The death toll from the latest downpour to hit the Australian state of Queensland is set to climb as rising waters rush toward the coastal city of Brisbane, where evacuations are underway.
Four children were killed as a wall of brown water cascaded through the town of Toowoomba without warning yesterday, slamming cars against bridges. With about 72 people still missing, the number of dead may rise “dramatically” from eight, Queensland Premier Anna Bligh said at a news conference today.
“We hold very grave concerns for a number of these people,” Bligh said. “We are anxiously worrying that we will see this toll rise.”
Queensland has been inundated for more than two weeks after downpours lashed Australia’s northeast. The focus has turned to Brisbane after the Bureau of Meteorology issued flood warnings for the Brisbane River, above and below a dam designed to protect the city from inundation.
The latest floods were triggered after heavy rains fell on already sodden ground, and Bligh said some residents may still be stranded on rooftops as rivers rush towards the coast. The downpours, which have hit the state’s farming and coal industries, may have affected as many as 200,000 people, authorities say.
Some roads and bridges in Brisbane, the state’s capital and home to about 1.05 million people, are already submerged, according to Queensland police, which ordered the immediate evacuation of some northerly suburbs. At least 32 areas of the city are at risk, Brisbane City Council said on its website.
West of the city, closer to yesterday’s flash floods, about 300 people were airlifted to safety, police said.
Prime Minister Julia Gillard today offered defense force resources to Premier Bligh for the rescue operation. The U.S., China, Japan, Singapore and New Zealand are among nations that have offered help, she said.
“There are still more dark days ahead,” Gillard said at a press conference in Canberra. “We do need to brace ourselves for the likelihood of further bad news.”
Water levels may surpass those of the 1974 floods in Brisbane, police said. That disaster, triggered by near-record rainfall and a tropical cyclone, killed 16 people and inundated a third of the city’s metropolitan area, according to the website of the Attorney General’s department. Following that deluge, the state built the Wivenhoe Dam to protect the capital.
Rivers in Brisbane will probably peak tomorrow or the next day, Bligh said. Without the Wivenhoe Dam, which is holding out, there would be a ’’very significant’’ flood in the city, she said.
“There’s no need to panic in Brisbane,” the premier said. “This is a changing situation but one that is being managed.”
The most recent floods, the state’s worst in 50 years, have affected about a million square kilometers, an area the size of France and Germany. Repairing the damage may cost more than A$5 billion ($4.94 billion), the state government has said.

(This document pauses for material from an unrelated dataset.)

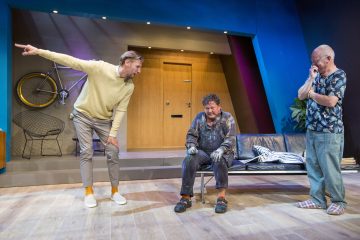 Helsingin Kaupunginteatteri – Täydellinen lauantai – Kuvassa Pekka Strag,  Jouko Klemettilä ja Sixten Lundberg – Kuva © Tapio Vanhatalo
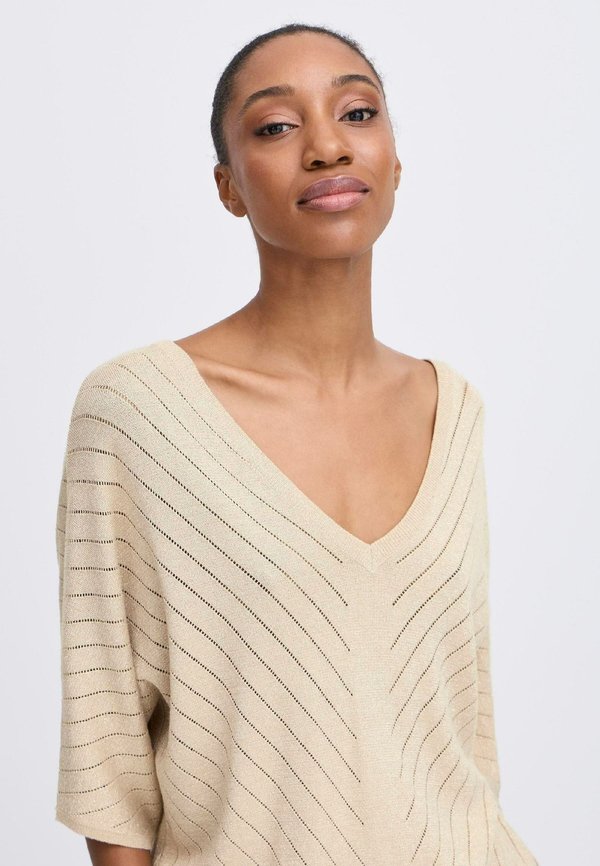 BYMOBBE - Jumper - frosted almond2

In Sydney, shares of Suncorp Group Ltd. and Insurance Australia Group Ltd. fell as investors bet floods in Brisbane will trigger a spike in claims. The Australian dollar fell to a three-week low as concern mounted that economic growth will slow.
Near Toowoomba, a landslide cut part of the rail network that carries freight and passengers and serves Peabody Energy Corp. and New Hope Corp. coal mines. Australian thermal coal prices rose as the waters curbed output.
Television footage from Toowoomba showed people trapped in vehicles while others hung to lamp posts and trees as rescue services struggled to reach them. Emergency-services officers staged 43 rooftop rescues overnight before bad weather grounded helicopters, Bligh said.
“The sheer scale of this operation is daunting,” Queensland Deputy Commissioner Ian Stewart said at a press conference.
Police Commissioner Bob Atkinson yesterday described the flood that hit Toowoomba as an “inland instant tsunami.” The torrent swept cars down streets in the town of 90,000 people, which is about 127 kilometers (79 miles) west of Brisbane.
Rescue efforts have been hampered as fog grounded helicopters, leaving residents stranded on rooftops overnight. The downpour is forecast to continue today.
The Lockyer Creek in the southeast of the state was at a record level of 18.92 meters at Gatton last night before the recording station failed, the Bureau of Meteorology said on its website. The previous record was 16.33 meters in February 1893.